“I learned a great deal in the last 7-1/2 years,” says MacDonell of his time in Ottawa since the Conservatives took power in 2006.
“I now get to bring that experience back to the practice of law,” he adds.
MacDonell is no stranger to Stewart McKelvey. He started working for the firm early on in his career and went on to article there and become a partner in 2001. He had also been active in politics since the age of 14, so when the Conservatives took power in 2006, MacKay tapped him for a job in Ottawa. With a minority government in power, MacDonell thought it would be a short assignment but he ended up staying until June just before MacKay’s move from the Department of National Defence to the Department of Justice.
The decision to leave government came in January after, as MacDonell says, “I decided that my first passion is law.”
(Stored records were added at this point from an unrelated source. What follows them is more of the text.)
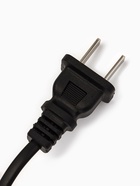 Фонтан для животных с миской «Пижон», 34×17.5×11.5 см, бежевый - Фото 10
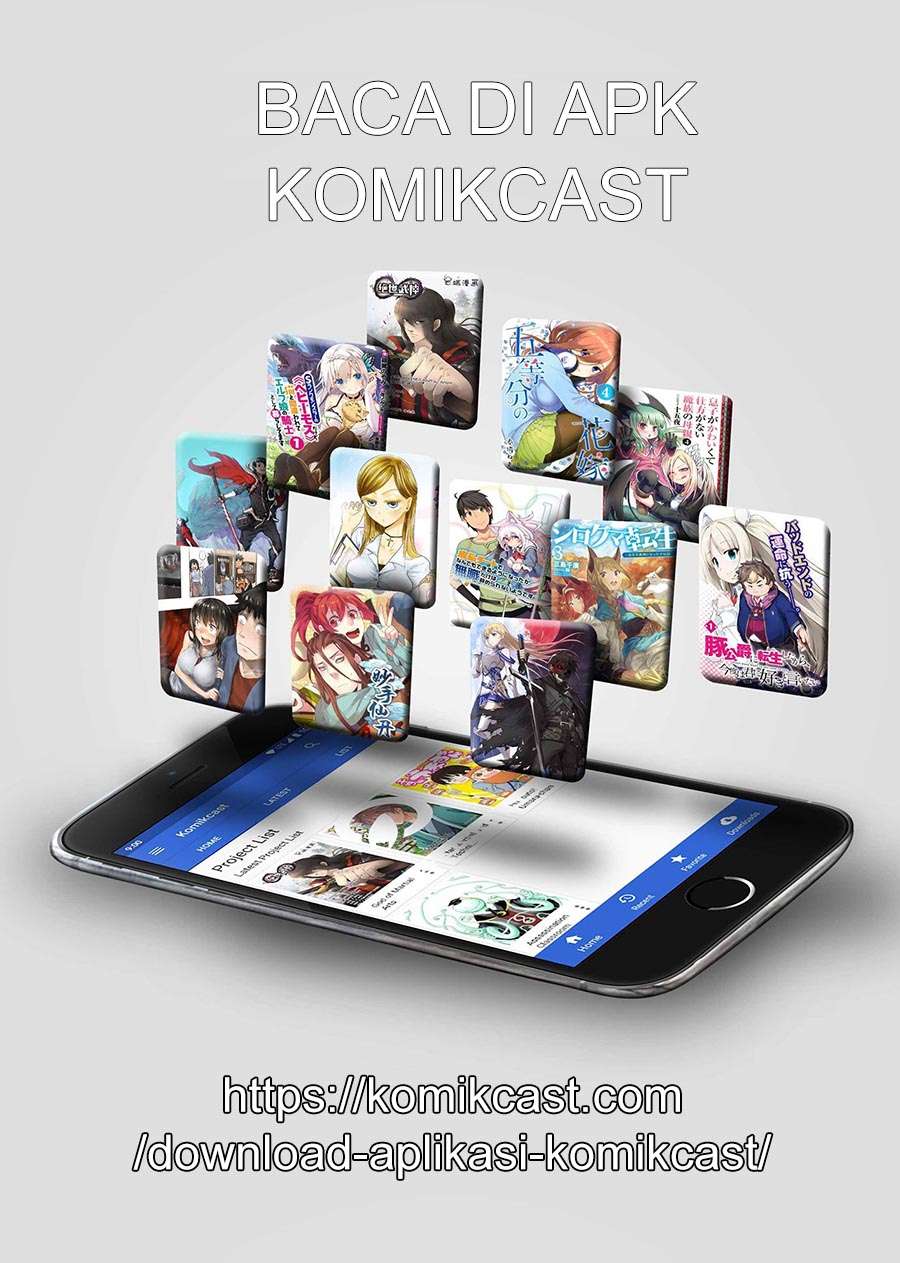 Baca Manhua God of Martial Arts Chapter 57.3 Gambar 2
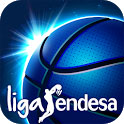 花式投篮大赛 BasketDudes Liga Endesa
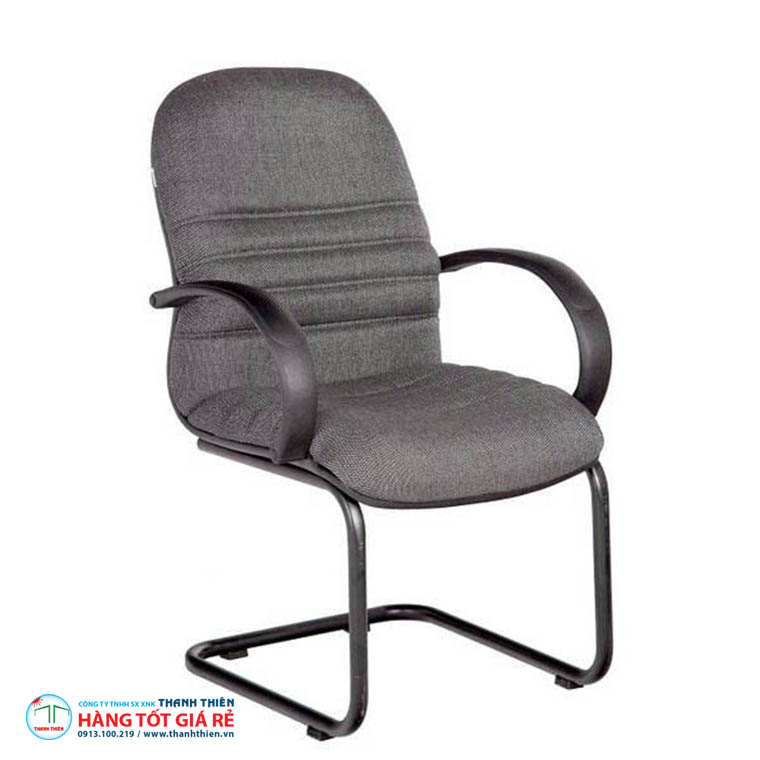 Ghế chân quỳ GVP 063b 1 ghe chan quy nhap khau 93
But having gotten married since moving to Ottawa and with a child on the way, returning to Halifax wasn’t an option. His vision, however, of having an Ottawa presence for Stewart McKelvey “coincided” with the firm’s, he says. So he has now set up office space at the Chateau Laurier where he practises litigation in a variety of areas except tax and criminal matters.
“There’s often a need for a Stewart McKelvey lawyer to be in Ontario or Ottawa for various reasons,” he says, citing occasional Supreme Court appearances or corporate work done by the firm.
“There’s been a very good reception from the Ottawa bar and I’m grateful for that,” he adds.
Nevertheless, he’ll be working under some restrictions given his recent experience in government.
“I don’t lobby. I cannot lobby until 2018 because there’s a five-year post-employment restriction,” he says, noting that while he can’t lobby himself, he can still advise clients on how to do it themselves.
At the same time, while MacDonell has left government himself, he notes he has a keen interest in politics and his new status gives him greater freedom to speak and write about political matters. And he’ll maintain some of his political ties, most notably to his wife, Jenn Gearey, who now works as MacKay’s communications director.
“I miss working for minister MacKay because he’s a great minister,” he says.